The Planetary Society has a page with very cool 3-D images of the comet.  Here is the European Space Agency media gallery for 67P.

Sunspot AR 2192

On Thursday last week the largest sunspot seen in over 20 years rotated off the face of the Sun.  I managed to snag quite a few images of it, and I thought I’d make a post describing just how interesting this particular spot was.

First let’s look at how the Sun rotates.  I have three images spanning 6 days.  The quality of the images is pretty variable because I don’t really know what I’m doing.

Sol in Hydrogen Alpha (656.28 nm) with AR 2192

The European Space Agency and National Aeronautics and Space Administration have developed a tool called JHelioViewer that let’s individuals create movies from Solar Dynamics Observatory and Solar and Heliospheric Observatory data.  It don’t see any hydrogen-alpha (656.28 nm) data, but the helium II (30.4 nm) data from SDO looks similar enough.  The data is colored red, but 30.4nm light is actually in the far ultra-violet part of the spectrum.  I made a low-res movie that covers the time period that AR 2192 was visible.  All the movies for this post span the period 2014-10-19 0 UT to 2014-10-30 0 UT.

There are quite a few different wavelengths of light to choose from when using JHelioViewer.  It’s interesting to see what the sunspot looks like in different wavelengths.  At 160.0 nm (below) and 170.0 nm (further below), bright flashes around the sunspot look like lightning flashes in a thunderstorm here on Earth.  Both of these wavelengths are also in the ultraviolet, and, thus, they are not visible to the human eye.  If you keep an eye on the sunspot you can see it changing shape over time.  Another thing to notice while you watch the videos is the rotation rate of the sun.  You can see how the rotation at the poles is slower than the rotation at the solar equator.

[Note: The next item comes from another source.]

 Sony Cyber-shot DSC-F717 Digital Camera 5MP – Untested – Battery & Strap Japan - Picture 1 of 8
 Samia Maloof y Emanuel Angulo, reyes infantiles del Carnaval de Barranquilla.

Finally a great view of just the sunspots can be had at 450.0 nm.  This light would be violet or blue to the eye.  (Don’t ask me why they didn’t color it as it would be seen by the eye.)

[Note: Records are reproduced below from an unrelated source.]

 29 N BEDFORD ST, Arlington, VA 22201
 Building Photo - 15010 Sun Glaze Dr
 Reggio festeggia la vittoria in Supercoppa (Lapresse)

These movies really show what a dynamic object the Sun is, and why it makes such a great object for amateurs.  Because of the distance to most objects and the limited resolution available (due to the size of amateur instruments and the atmosphere), the objects we view normally appear static with the exception of the Sun, Jupiter, Saturn, and the inner planets.  Of course, to look at the Sun without damaging your eyes or your equipment, you need a solar filter, but Baader solar film for viewing in white light is quite affordable while glass white light filters are moderately more expensive.

Here is a diagram to illustrate the features of interest in the photos.

Sol in Hydrogen Alpha (656.28 nm) with AR 2192

OK.  Now lets take a look at the scale of what was going on on the Sun because it’s truly mind boggling.

The large sunspot within AR 2192 is 21,000-25,000 km in diameter in this image.  For perspective, the Earth is 12,742 km in diameter.  So that big black dot is roughly twice the diameter of the Earth.

Sol in Hydrogen Alpha (656.28 nm) with AR 2192

The amount of turbulence on the Sun associated with the area around AR 2192 is staggering.  If you look at my photo from 2014-10-12 in an earlier post, then you can see a more normal surface texture of the sun.  In the photos with AR 2192, the surface in a region about 750,000 km in diameter is completely disturbed.  The huge plage running through AR 2192 is about 225,000 km long.

Earlier this year we had another big spot that survived over a half rotation, so there’s a chance that this spot will reappear when it rotates back into our view near the end of November.  It should be interesting.

Here are the two best images without any annotations.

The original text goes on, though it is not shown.